1. Build a data stream
    Create a stream in Kinesis and write to and read from the stream to track

    Wild Rydes unicorns on the live map. In this module you'll also create an

    Amazon Cognito identity pool to grant live map access to your stream.

2. Aggregate data
    Build a Kinesis Data Analytics application to read from the stream and

    aggregate metrics like unicorn health and distance traveled each minute.

3. Process streaming data
    Persist aggregate data from the application to a backend database stored

    in DynamoDB and run queries against those data.

4. Store & query data
    Use Kinesis Data Firehose to flush the raw sensor data to an S3 bucket

    for archival purposes. Using Athena, you'll run SQL queries against the

    raw data for ad-hoc analyses.
Requirements

AWS Experience: Beginner to Intermediate

Time to complete: 110 minutes

Cost to complete: Each service used in this architecture is eligible for the AWS Free Tier. If you are outside the usage limits of the Free Tier, completing this project will cost you less than $0.5 (assuming all services are running for 2 hours)*

To complete this tutorial you will use:

• Active AWS Account**

• Browser (Chrome recommended)

• AWS Lambda

• Amazon Kinesis

• Amazon S3

• Amazon DynamoDB

• Amazon Cognito

• Amazon Athena

• AWS IAM

*This estimate assumes you follow the recommended configurations throughout the tutorial and terminate all resources within 2 hours.

**Accounts that have been created within the last 24 hours might not yet have access to the resources required for this project.


Architecture_0

In order to complete this workshop, you’ll need an AWS account and access to create AWS Identity and Access Management (IAM), Amazon Cognito, Amazon Kinesis, Amazon S3, Amazon Athena, Amazon DynamoDB, and AWS Cloud9 resources within that account. The step-by-step guide below explains you how to set up all prerequisites.

Step 1. Create an AWS Account

The code and instructions in this workshop assume only one participant is using a given AWS account at a time. If you attempt sharing an account with another participant, you will encounter naming conflicts for certain resources. You can work around this by either using a suffix in your resource names or using distinct Regions, but the instructions do not provide details on the changes required to make this work.

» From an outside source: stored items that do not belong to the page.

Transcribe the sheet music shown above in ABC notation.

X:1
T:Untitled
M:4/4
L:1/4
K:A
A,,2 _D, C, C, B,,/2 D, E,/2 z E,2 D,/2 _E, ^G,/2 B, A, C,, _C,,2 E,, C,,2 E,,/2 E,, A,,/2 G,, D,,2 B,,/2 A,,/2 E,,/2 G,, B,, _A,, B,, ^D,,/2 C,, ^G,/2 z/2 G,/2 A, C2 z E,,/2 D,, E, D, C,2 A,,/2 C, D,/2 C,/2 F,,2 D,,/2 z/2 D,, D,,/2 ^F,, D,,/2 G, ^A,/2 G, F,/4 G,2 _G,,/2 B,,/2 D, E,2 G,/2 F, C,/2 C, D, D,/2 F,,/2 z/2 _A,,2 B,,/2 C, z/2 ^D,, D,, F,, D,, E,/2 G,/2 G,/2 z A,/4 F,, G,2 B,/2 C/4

Use a personal account or create a new AWS account for this workshop rather than using an organization’s account to ensure you have full access to the necessary services and to ensure you do not leave behind any resources from the workshop.


Step 2. Region

Use US East (N. Virginia), US West (Oregon), or EU (Ireland) for this workshop. Each supports the complete set of services covered in the material. Consult the Region Table to determine which services are available in a Region.


Step 3. Set up your AWS Cloud9 IDE

AWS Cloud9 is a cloud-based integrated development environment (IDE) that lets you write, run, and debug your code with just a browser. It includes a code editor, debugger, and terminal. Cloud9 comes pre-packaged with essential tools for popular programming languages and the AWS Command Line Interface (CLI) pre-installed so you don’t need to install files or configure your laptop for this workshop. Your Cloud9 environment will have access to the same AWS resources as the user with which you logged into the AWS Management Console.

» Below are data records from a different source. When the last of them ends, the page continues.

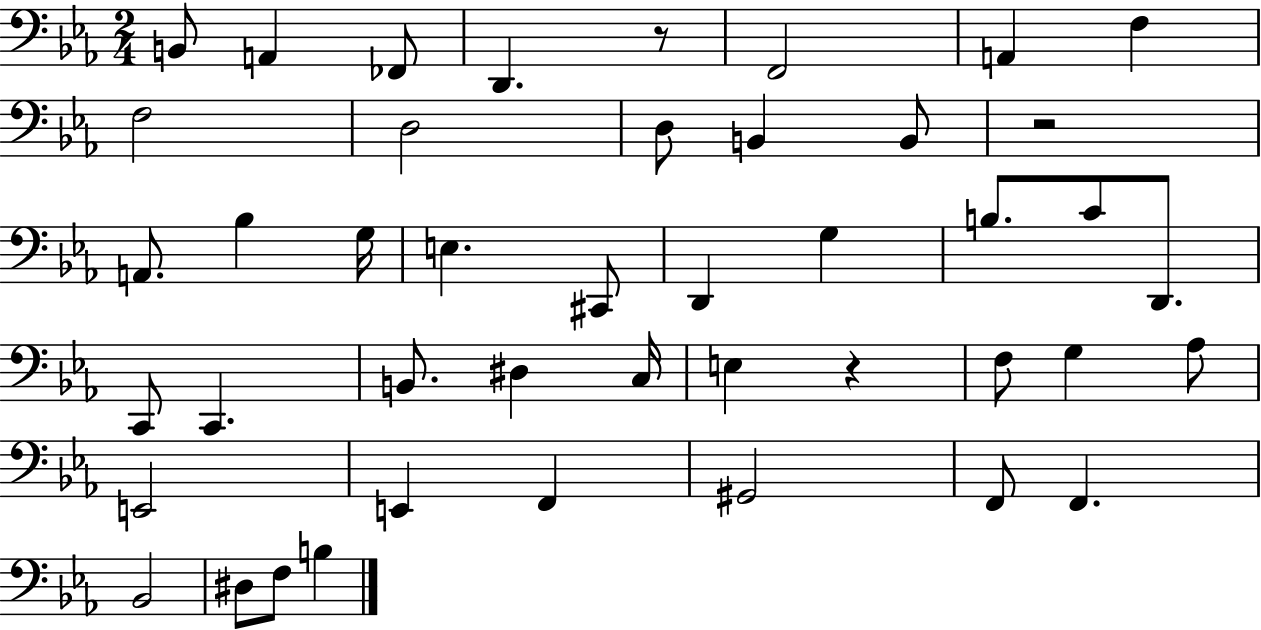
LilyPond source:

{
  \clef bass
  \numericTimeSignature
  \time 2/4
  \key ees \major
  b,8 a,4 fes,8 | d,4. r8 | f,2 | a,4 f4 | \break f2 | d2 | d8 b,4 b,8 | r2 | \break a,8. bes4 g16 | e4. cis,8 | d,4 g4 | b8. c'8 d,8. | \break c,8 c,4. | b,8. dis4 c16 | e4 r4 | f8 g4 aes8 | \break e,2 | e,4 f,4 | gis,2 | f,8 f,4. | \break bes,2 | dis8 f8 b4 | \bar "|."
}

Take a moment now and setup your Cloud9 development environment.


  1. Go to the AWS Management Console, select Services then select Cloud9 under Developer Tools.
  2. Select Create environment.Enter Development into Name and optionally provide a Description.
  3. Select Next Step.
  4. You may leave Environment settings at their defaults of launching a new t2.micro EC2 instance which will be paused after 30 minutes of inactivity.
  5. Select Next steps.
  6. Review the environment setting and select Create environment. It will take several minutes for your environment to be provisioned and prepared.
  7. Once ready, your IDE will open to a welcome screen.
  8. You can run AWS CLI commands in here just like you would on your local computer. Verify that your user is logged in by running aws sts get-caller identity.
  9. You'll see the output indicating your account and user information.
  10. Keep your AWS Cloud9 IDE opened in a tab throughout this workshop as you'll use it for activities like building and running a sample app in a Docker container and using AWS CLI.

Admin:~/environment $ aws sts get-caller-identity

{

    "Account": "123456789012",

    "UserId": "AKIAI44QH8DHBEXAMPLE",

    "Arn": "arn:aws:iam::123456789012:user/Alice"

}
Keep your AWS Cloud9 IDE opened in a tab throughout this workshop as you'll use it for activities like building and running a sample app in a Docker container and using AWS CLI.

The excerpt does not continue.